Au moment du passage de l’argentique au numérique, Jean décide d’arrêter le cinéma. Cela impliquait un changement de méthode de travail radical et un investissement matériel trop coûteux. Aujourd’hui, il se consacre à la réalisation de ses « Notre-Dame », grands tableaux où se mélangent photos et objets récupérés dans lesquels il règle ses comptes avec la religion en désacralisant la Vierge pour en faire une femme comme toutes les autres.
Marcelle et Jean ne vont plus au cinéma. Ils se rendent néanmoins régulièrement à un ciné-club organisé par un ami. Récemment ils ont notamment vu « Roma » et « Compartiment N°6 » que Marcelle a beaucoup aimé.

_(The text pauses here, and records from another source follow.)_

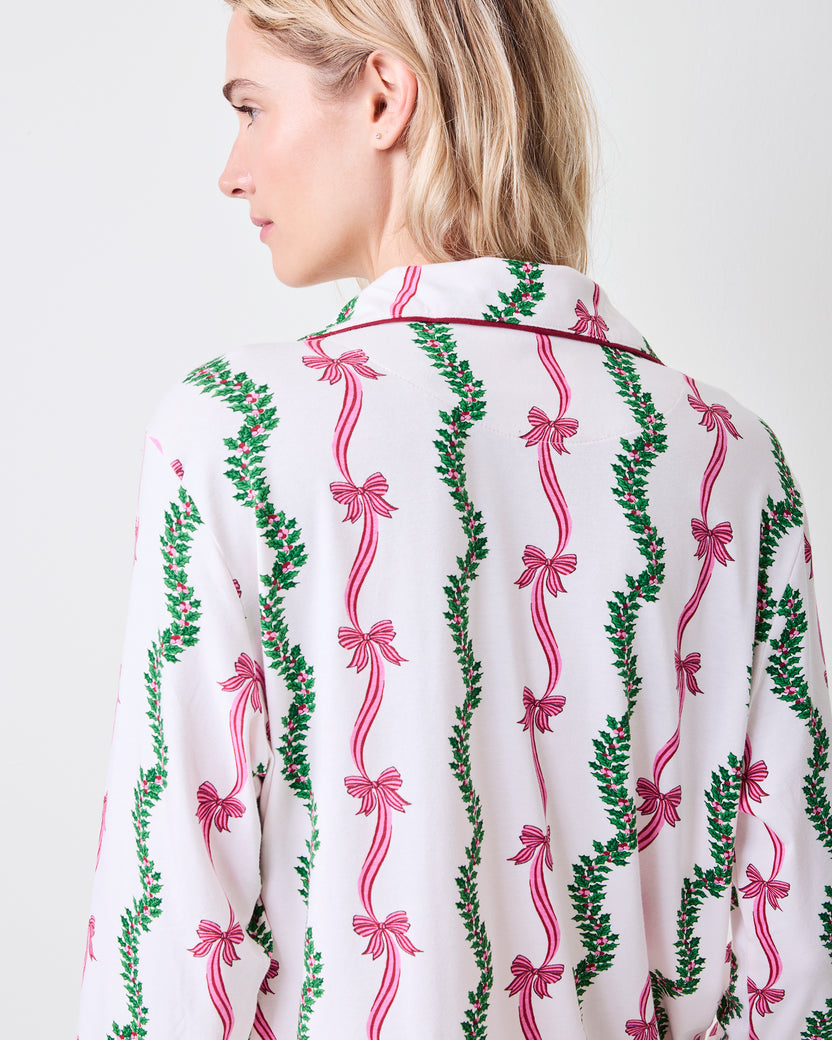 Back view of the Ribbons & Bows long pajama top in Vanilla Cream with vertical green garlands and pink bows.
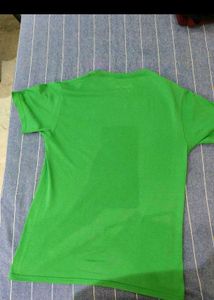 Green Tshirt with Tan shorts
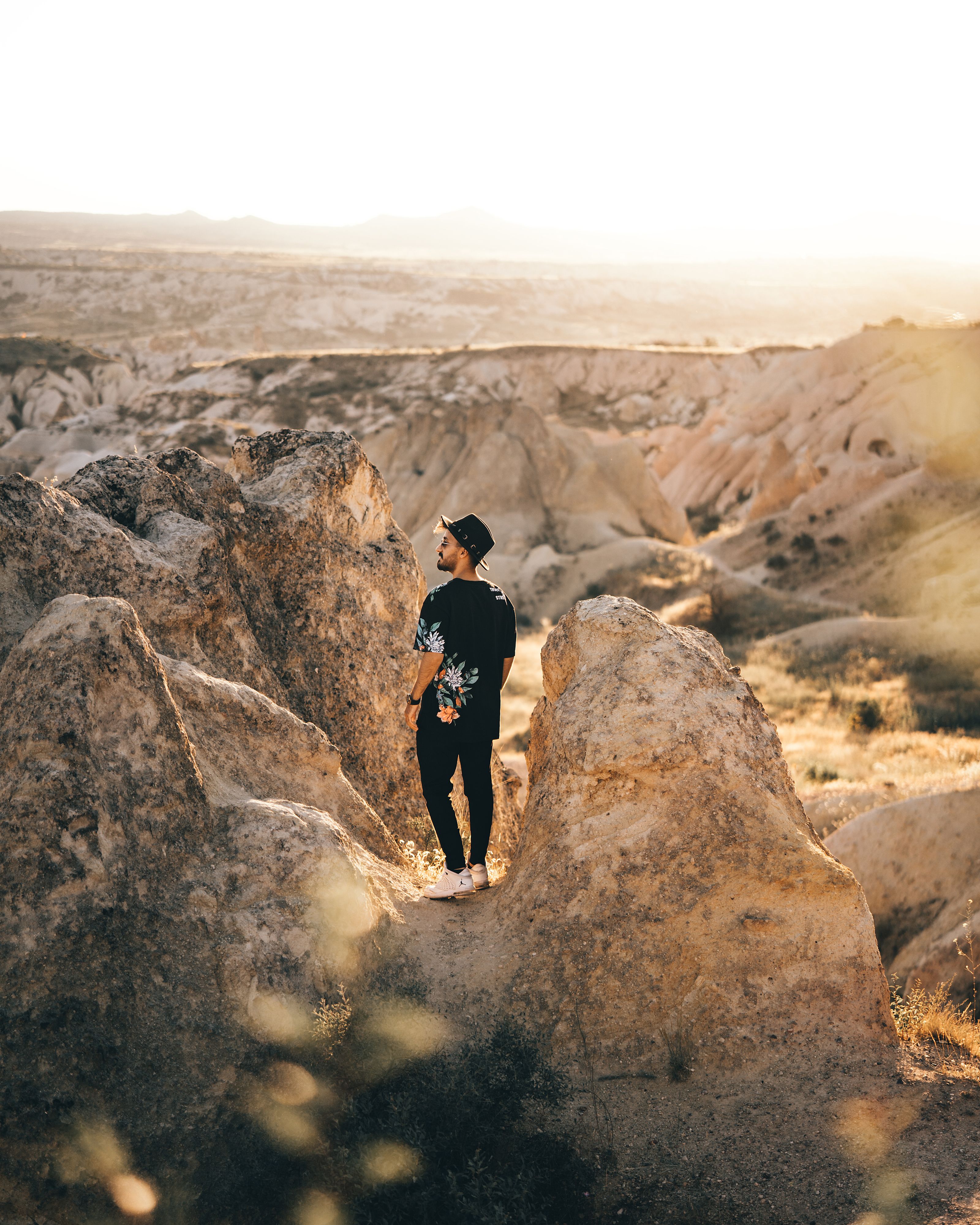 A man in stylish clothing explores Cappadocia's unique rock formations during sunrise. - Fotografer Sidoarjo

La Cinémathèque va organiser une rétrospective des films de Jean et Marcelle. L’occasion de revoir « Le Chantier des gosses », « Quand chacun apporte sa part » et « Les gens du quartier ». À la question « Si vous pouviez projeter de nouveau “Le Chantier des gosses”, vous choisiriez quel endroit ? », Jean me répond : « Ce film, il a sa place dans les Marolles. Avant, il y avait plein de cinémas dans le quartier, on peut voir ça aux devantures de certains bâtiments rue Haute et rue Blaes. Une fois, on a même emmené le petit Freddy Piette voir un film de cow-boy au Rialto. Mais comme il n’y a plus de cinéma dans les Marolles, je dirais en plein air, sur la Place du Jeu de Balle, un soir d’été ».
Camille Burckel de Tell
(1) Le V1 (de l’allemand Vergeltungswaffe : « arme de représailles ») est une bombe volante et le premier missile de croisière de l’histoire de l’aéronautique. Le V1 est utilisé durant la Seconde Guerre mondiale contre la Belgique pendant l’hiver 1944-1945.
(2) Lire à ce propos l’article du Pavé dans les Marolles, « Le fin bec dans la plâtre paru en 2018 »
(3) La postsynchronisation est une technique de postproduction (après le tournage) qui consiste à ré-enregistrer les voix sur un film, en studio. Cette technique ancienne (1932) apparaît au moment où le film parlant vient d’être inventé (1927), mais souffre de bruits parasites pendant les tournages.
(4) Court métrage documentaire sur les petits métiers dans le quartier populaire des Marolles à Bruxelles (1955).
(5) Limonade bon marché à base de réglisse, de plantes et de citron.